What the task requires | Copy the lines below, beginning with the one that contains "- Sputnik Азербайджан" and continuing through the final line, exactly as written and with no other lines.

Supplied information |
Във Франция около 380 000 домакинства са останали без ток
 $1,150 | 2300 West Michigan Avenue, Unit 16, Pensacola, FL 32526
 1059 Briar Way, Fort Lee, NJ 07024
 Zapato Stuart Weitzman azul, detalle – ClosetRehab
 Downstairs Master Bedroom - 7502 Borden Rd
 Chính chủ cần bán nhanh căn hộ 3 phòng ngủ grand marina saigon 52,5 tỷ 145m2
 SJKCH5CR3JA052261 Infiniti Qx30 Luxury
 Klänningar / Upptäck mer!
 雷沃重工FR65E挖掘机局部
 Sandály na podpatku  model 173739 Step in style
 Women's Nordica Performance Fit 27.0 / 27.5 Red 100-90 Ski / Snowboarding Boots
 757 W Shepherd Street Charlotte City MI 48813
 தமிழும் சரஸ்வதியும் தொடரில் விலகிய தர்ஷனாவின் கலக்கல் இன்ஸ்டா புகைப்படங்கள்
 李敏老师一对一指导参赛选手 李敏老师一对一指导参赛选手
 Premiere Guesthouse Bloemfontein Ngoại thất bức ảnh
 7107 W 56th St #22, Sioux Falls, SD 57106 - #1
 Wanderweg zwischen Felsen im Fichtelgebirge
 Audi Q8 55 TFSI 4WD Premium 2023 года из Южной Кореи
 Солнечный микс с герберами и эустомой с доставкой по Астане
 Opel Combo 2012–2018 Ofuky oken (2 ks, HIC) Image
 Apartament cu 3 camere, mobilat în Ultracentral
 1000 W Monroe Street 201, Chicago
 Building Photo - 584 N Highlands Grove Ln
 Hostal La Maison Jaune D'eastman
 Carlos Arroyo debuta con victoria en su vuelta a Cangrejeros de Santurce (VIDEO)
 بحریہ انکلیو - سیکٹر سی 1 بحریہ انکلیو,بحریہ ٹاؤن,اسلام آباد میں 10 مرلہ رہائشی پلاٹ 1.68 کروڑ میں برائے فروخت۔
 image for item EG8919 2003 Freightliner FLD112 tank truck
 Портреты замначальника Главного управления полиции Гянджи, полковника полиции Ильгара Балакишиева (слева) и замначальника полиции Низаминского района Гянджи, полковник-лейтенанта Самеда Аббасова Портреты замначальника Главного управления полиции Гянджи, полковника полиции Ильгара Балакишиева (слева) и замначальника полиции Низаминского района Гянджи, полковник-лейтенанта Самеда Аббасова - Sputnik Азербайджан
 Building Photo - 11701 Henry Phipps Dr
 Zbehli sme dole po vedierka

Task solution |
 Портреты замначальника Главного управления полиции Гянджи, полковника полиции Ильгара Балакишиева (слева) и замначальника полиции Низаминского района Гянджи, полковник-лейтенанта Самеда Аббасова Портреты замначальника Главного управления полиции Гянджи, полковника полиции Ильгара Балакишиева (слева) и замначальника полиции Низаминского района Гянджи, полковник-лейтенанта Самеда Аббасова - Sputnik Азербайджан
 Building Photo - 11701 Henry Phipps Dr
 Zbehli sme dole po vedierka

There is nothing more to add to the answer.